Apple v. Pepper was filed nearly a decade ago, long before the recent calls for antitrust reform and regulation. The Supreme Court was upholding a decision from early 2017, which also predates much of the controversy. As we discussed above, this isn’t a sweeping rewrite of antitrust law or a call to break up Apple. And the ruling also won’t make it easier to sue tech companies for other reasons. It’s narrowly tailored to establish whether someone has standing to file an antitrust complaint — not whether they can sue a platform for kicking them out or facilitating harassment.
Kavanaugh’s choice to side with four liberal justices could theoretically reflect a growing Republican push to regulate tech companies: he’s the newest justice, appointed just last year while the tech backlash was in full swing. But Rifkin insists that this ruling was based on a question of interpretation, not party politics. “I don’t think this is a liberal or a conservative kind of issue,” he says.
But even if there’s not a direct link to other issues, Apple vs.
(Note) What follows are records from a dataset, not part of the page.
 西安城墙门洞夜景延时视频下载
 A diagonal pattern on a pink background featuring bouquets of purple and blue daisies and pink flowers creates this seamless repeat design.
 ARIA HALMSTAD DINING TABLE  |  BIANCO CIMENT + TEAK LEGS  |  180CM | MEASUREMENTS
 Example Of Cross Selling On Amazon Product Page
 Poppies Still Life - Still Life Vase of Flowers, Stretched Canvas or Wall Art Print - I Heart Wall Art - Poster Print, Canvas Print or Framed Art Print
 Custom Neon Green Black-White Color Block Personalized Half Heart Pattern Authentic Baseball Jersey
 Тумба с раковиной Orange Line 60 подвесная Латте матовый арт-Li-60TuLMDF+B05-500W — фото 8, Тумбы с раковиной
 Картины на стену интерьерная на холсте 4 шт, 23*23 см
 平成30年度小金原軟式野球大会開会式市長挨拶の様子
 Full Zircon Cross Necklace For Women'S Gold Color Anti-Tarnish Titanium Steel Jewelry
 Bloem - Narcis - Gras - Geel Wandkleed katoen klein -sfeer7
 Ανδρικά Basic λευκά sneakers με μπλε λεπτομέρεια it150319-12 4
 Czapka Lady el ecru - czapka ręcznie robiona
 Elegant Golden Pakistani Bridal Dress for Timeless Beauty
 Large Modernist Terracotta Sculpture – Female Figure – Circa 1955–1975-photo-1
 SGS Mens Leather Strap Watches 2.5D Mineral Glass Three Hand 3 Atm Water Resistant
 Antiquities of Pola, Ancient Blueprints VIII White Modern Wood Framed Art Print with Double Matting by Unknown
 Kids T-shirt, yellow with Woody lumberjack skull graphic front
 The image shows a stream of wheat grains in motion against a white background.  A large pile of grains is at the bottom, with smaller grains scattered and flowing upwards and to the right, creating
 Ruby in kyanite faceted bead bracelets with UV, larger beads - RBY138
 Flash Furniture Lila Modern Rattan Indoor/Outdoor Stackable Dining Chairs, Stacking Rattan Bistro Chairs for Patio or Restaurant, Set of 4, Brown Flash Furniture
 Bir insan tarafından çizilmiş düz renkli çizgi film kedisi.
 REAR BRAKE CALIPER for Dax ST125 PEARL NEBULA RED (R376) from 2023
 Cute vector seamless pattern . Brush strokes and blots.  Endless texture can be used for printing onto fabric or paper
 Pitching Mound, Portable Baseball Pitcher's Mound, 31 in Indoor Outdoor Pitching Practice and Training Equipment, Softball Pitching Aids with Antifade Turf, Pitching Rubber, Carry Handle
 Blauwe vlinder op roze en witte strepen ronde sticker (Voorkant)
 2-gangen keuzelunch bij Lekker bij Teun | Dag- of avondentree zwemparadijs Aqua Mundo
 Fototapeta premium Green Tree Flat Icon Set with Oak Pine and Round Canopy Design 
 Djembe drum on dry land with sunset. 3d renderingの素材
Pepper is certainly part of an attempt to limit the massive power of a few big tech companies. “We’ve seen explosive growth in the App Store, and that doesn’t just reflect the growth and popularity of iPhone apps. It also reflects Apple’s iron-fisted control of the distribution,” says Rifkin. “The concentration of control in the hands of a single company, whether it’s Apple or any other company, is going to help us not just prove our case — but I think also be able to demonstrate that this is the wrong sort of thing for e-commerce and the economy generally.”